Thanks Allan - regarding the french drains - why the gravel? Those black corregated flex pipes should be watertight so what would gravel add/do?

Secondly - I'd have to get a laser level, but my entire backyard has about a 4 foot grade across the entire 170 foot width. The tank is buried in about the middle where this is about 2 foot grade. But of course, the tank inlet/outlet is buried probably 3 feet.

Moving away and "downhill" from the tank go the fields. Across this area it generally flattens out. I already have two french drains in the vicinity, and there are 2-3 downspout drains - all run all the way across my property and into a far drainage ditch.

The boggy area in question - ground level is still probably 2 feet or so above the inlet/outlet of the tank about 50 feet away.

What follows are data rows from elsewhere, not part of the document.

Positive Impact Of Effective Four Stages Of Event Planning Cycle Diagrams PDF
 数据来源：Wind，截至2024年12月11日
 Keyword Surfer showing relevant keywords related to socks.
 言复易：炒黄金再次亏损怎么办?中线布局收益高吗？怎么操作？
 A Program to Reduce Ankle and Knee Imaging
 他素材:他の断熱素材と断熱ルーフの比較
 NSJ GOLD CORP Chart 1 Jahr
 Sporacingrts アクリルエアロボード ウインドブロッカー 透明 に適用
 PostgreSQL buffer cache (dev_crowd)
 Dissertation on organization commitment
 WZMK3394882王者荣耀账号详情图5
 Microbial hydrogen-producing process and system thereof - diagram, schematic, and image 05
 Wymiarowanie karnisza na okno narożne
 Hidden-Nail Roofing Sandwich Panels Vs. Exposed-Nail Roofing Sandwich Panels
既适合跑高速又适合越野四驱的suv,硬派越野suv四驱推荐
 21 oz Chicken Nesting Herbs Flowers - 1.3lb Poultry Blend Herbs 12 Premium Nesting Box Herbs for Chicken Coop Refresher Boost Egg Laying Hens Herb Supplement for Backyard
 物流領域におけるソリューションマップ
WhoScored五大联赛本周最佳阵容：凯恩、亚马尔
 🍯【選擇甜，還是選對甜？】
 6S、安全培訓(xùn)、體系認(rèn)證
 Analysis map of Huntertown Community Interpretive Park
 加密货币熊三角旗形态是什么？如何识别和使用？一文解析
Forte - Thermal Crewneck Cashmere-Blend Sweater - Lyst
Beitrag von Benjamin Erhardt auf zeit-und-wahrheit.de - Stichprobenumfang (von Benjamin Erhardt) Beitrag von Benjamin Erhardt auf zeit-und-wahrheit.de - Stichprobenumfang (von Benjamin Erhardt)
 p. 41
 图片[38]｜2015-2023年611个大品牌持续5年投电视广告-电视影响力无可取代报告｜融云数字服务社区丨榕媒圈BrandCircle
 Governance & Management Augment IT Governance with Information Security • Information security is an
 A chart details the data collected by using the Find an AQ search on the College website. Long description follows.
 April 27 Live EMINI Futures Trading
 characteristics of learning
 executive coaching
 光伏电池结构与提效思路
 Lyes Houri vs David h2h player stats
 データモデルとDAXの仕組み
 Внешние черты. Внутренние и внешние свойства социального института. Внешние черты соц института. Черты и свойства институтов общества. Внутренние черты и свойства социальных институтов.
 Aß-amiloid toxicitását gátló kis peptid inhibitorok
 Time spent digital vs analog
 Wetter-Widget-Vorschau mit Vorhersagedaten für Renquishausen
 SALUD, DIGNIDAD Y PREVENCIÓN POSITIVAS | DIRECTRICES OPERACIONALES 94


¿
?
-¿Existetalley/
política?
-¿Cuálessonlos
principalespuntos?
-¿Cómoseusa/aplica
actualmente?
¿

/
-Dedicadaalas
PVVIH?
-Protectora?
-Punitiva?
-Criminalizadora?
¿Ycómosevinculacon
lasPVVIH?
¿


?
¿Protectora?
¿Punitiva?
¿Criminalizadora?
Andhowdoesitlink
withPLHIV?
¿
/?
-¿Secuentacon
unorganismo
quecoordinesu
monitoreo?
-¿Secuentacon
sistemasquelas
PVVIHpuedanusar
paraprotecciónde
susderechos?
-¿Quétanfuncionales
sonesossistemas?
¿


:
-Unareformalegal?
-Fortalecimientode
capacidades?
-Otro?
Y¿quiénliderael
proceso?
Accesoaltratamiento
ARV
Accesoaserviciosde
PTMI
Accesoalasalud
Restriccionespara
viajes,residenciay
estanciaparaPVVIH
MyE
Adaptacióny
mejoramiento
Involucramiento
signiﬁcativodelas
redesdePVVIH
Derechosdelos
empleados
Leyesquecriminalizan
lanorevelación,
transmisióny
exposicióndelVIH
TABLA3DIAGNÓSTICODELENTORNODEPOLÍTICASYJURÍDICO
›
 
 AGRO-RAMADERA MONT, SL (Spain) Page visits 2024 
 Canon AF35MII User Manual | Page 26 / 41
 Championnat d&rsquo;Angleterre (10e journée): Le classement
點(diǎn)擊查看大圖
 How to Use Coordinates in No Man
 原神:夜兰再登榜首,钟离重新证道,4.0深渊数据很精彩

Thus - no reasonable way I see to put the french drain lower than the inlet/outlet of the tank without sinking the french drain about 2+ feet down. And keep in mind this is over an old septic field.

Isn't the real goal just to keep these "bowls" from harboring standing water, and simply to assure as much water as possible flows across the land (or into French drains) and is moved away from the tank?

One other note - any idea how much water a standard French drain can take? The ones I have appear to be about 1x1 foot boxes set at ground level, with the 4-6" corregated pipe running buried off the back of my property. If I repeat this in my boggy area, would one be enough?

Of course - I could skip them and rent a bobcat and just regrade from the boggy point downhill off the back of the property.


----------